Where a is not an element of the set {0, -1} and theta > 0. I'm going over my old calculus text but still at a loss as to how to set this problem up, but maybe I'm making it more difficult than it is.

Also, I had a question involving finding real values of x such that a given function is 0, and justifying my answer. I just did this algebraically, but was wondering if there was another way that I've forgotten using calculus:

$$f(x) = x^2\ +\ 2*x\ +\ 2$$
$$(x+1)*(x+1)+1 = 0$$
$$(x+1)^2 = -1$$
$$x = -1 - i, -1 + i$$

Thanks.

2. Aug 25, 2009

Staff: Mentor

The antiderivative of xa is 1/(a + 1) xa + 1.

3. Aug 25, 2009

perihelion

Thanks, but I was feeling that maybe I was overlooking something. At this point I just stopped.

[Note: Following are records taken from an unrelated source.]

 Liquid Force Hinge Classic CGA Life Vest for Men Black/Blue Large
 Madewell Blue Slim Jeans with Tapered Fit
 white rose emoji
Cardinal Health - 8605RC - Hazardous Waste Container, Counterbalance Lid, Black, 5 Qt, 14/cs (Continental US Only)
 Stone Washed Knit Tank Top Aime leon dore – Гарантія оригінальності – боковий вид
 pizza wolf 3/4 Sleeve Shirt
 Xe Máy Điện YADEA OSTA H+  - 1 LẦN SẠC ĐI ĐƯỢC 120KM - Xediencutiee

$$\int_0^\theta x^a dx\ =\ (\theta^(a+1))/(a\ +\ 1)$$

4. Aug 25, 2009

Staff: Mentor

I think you meant this as $\theta^{a + 1}/(a + 1)$
but it didn't quite come out that way.

5. Aug 25, 2009

Staff: Mentor

For your other problem, find the zeroes of f(x) = x2 + 2x + 2, the algebraic (as opposed to calculus) way is one way to go. In fact, calculus is not really appropriate for this type of problem.

f(x) = x2 + 2x + 2 = x2 + 2x + 1 + 1 = (x + 1)2 + 1

The squared term is always >= 0, so adding 1 gives a value that is always >= 1, hence there are no real values for which f(x) = 0.

Looking at this graphically, the function's graph is a parabola that opens up, and whose vertex is at (-1, 1). Since the vertex is the lowest point on the graph, and it is above the x-axis, there are no values of x for which f(x) is less than or equal to zero.